Hum I’m not If i understood correctly, aren’t you confusing depreciation and amortization
I understand the reasoning; I’ve simply never seen it in practice.
Frankly, I wouldn’t expect to see a significant difference in depreciation using this approach than using units-of-activity depreciation; that’s why I question its necessity. It complicates matters, and doesn’t really add much explanatory value.
Amortization is only for intangible assets, you amortize intangibles, but depreciate PP&E ) So, amortization is not applicable here.
Interesting that you haven’t seen this in practice. I have to dig deeper into this topic now because I am confused.
Aslo, this approach, to my point, creates some difficulties when it comes to analyzing financial statements because, usually, to get a rough idea on how much a company invests in new PP&E, which might indicate a growth stage, you would compare CAPEX with depreciation expense; and, if part of the depreciation on equipment is hidden in COGS, then it creates additional difficulties, more computation and requires much more information, which might not be available in reports.

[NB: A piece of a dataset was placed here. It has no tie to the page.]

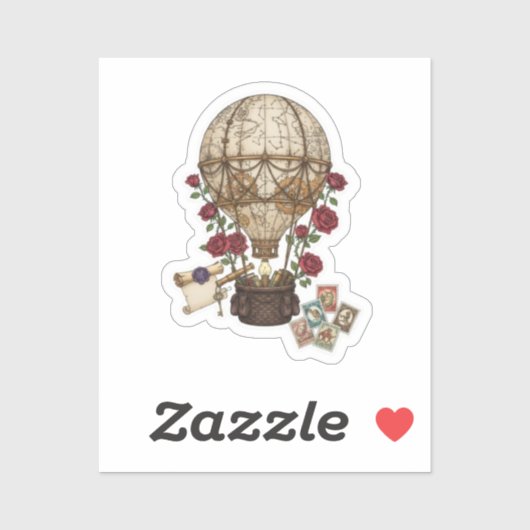 Steampunk Vintage Hot Air Balloon Adventure design Sticker (Vel)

As an aside, I have never worked in manufacturing but I would think that the Depreciation JE would be:
Dr Depreciation Expense
CR Accumulated Depreciation
And then you would separately move some portion of Depreciation expense into a pool that gets capitalized into inventory. And use a separate GL account (a contra depreciation account). it would be much cleaner this way.
Nor CFA stuff, but practical accounting stuff.